Supplied data section start

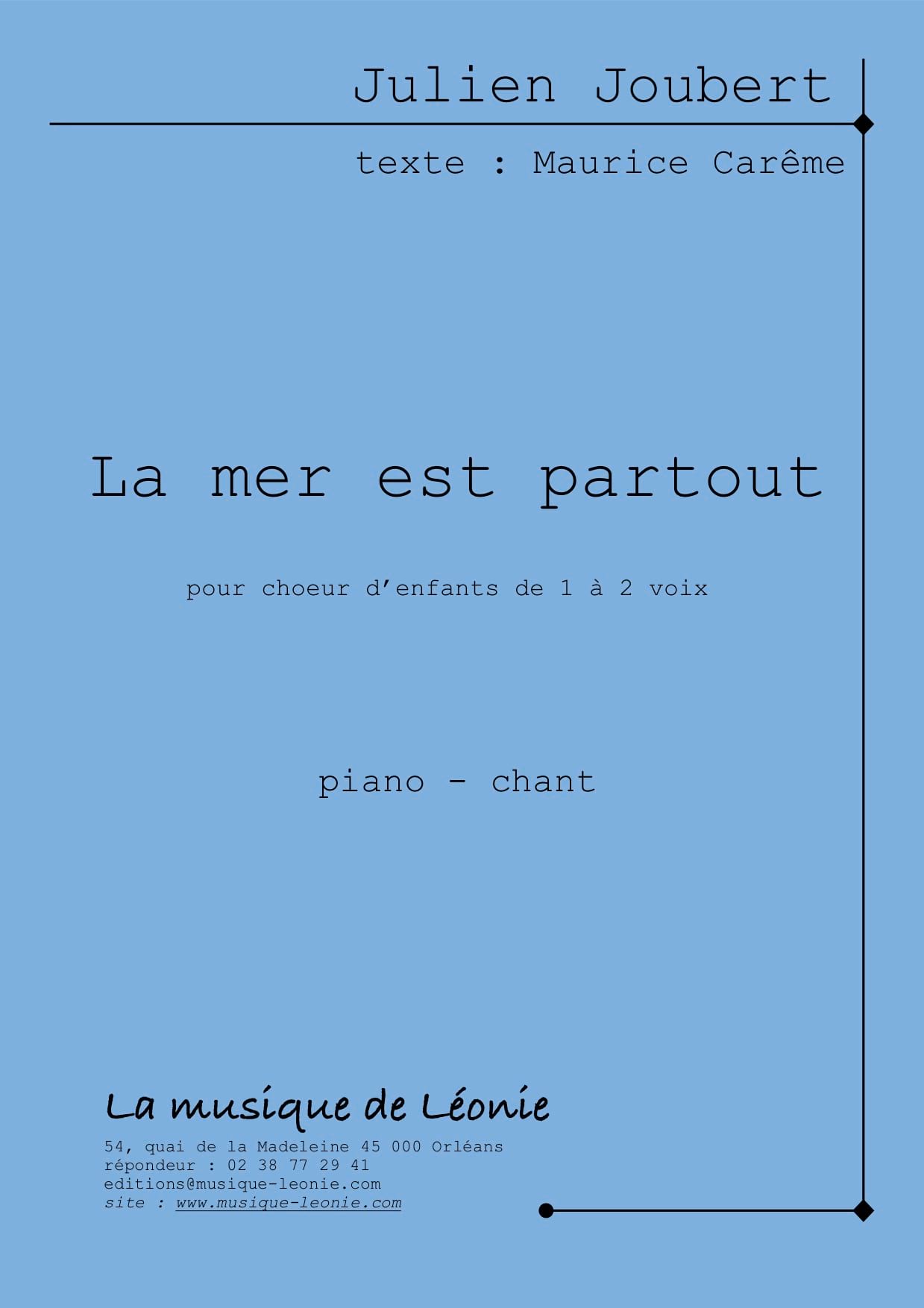 La mer est partout - piano/Chant Julien Joubert Partition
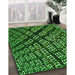 Patterned Deep Emerald Green Rug in Family Room, pat562grn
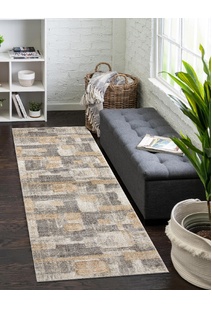 Cremona Geometric Carved Rug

Supplied data section end

**Task statement:**
Could you restate the material word for word, omitting the pictures?

**Result of this task:**
 La mer est partout - piano/Chant Julien Joubert Partition
 Patterned Deep Emerald Green Rug in Family Room, pat562grn
 Cremona Geometric Carved Rug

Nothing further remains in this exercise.